::: Data shown
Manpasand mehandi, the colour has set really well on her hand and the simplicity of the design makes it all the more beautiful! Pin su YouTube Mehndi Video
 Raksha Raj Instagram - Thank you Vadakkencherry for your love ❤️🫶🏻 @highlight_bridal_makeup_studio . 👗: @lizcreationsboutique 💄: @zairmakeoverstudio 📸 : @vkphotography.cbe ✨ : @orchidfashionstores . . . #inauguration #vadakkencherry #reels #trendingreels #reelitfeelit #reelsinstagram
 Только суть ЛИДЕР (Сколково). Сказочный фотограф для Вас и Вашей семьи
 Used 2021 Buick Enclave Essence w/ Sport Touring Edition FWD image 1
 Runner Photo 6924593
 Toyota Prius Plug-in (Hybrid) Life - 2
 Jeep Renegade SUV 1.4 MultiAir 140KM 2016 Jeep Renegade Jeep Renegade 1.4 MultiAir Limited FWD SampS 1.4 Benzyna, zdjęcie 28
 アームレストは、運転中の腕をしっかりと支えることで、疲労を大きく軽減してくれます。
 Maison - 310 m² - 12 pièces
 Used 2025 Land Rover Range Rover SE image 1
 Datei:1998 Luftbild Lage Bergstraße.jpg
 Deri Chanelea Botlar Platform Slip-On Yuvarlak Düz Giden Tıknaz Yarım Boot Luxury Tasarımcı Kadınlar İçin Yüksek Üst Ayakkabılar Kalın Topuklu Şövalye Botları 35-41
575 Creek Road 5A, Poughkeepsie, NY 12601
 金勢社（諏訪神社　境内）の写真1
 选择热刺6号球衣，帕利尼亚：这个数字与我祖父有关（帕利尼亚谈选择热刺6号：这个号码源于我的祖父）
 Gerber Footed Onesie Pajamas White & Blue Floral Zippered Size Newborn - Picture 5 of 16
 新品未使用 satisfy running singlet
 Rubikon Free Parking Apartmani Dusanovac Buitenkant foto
::::::
What to produce = Only the last part of the records is wanted. Repeat it exactly, beginning at the line containing "Maison - 310 m² - 12 pièces" and ending at the final line.

Answer to the problem =
 Maison - 310 m² - 12 pièces
 Used 2025 Land Rover Range Rover SE image 1
 Datei:1998 Luftbild Lage Bergstraße.jpg
 Deri Chanelea Botlar Platform Slip-On Yuvarlak Düz Giden Tıknaz Yarım Boot Luxury Tasarımcı Kadınlar İçin Yüksek Üst Ayakkabılar Kalın Topuklu Şövalye Botları 35-41
575 Creek Road 5A, Poughkeepsie, NY 12601
 金勢社（諏訪神社　境内）の写真1
 选择热刺6号球衣，帕利尼亚：这个数字与我祖父有关（帕利尼亚谈选择热刺6号：这个号码源于我的祖父）
 Gerber Footed Onesie Pajamas White & Blue Floral Zippered Size Newborn - Picture 5 of 16
 新品未使用 satisfy running singlet
 Rubikon Free Parking Apartmani Dusanovac Buitenkant foto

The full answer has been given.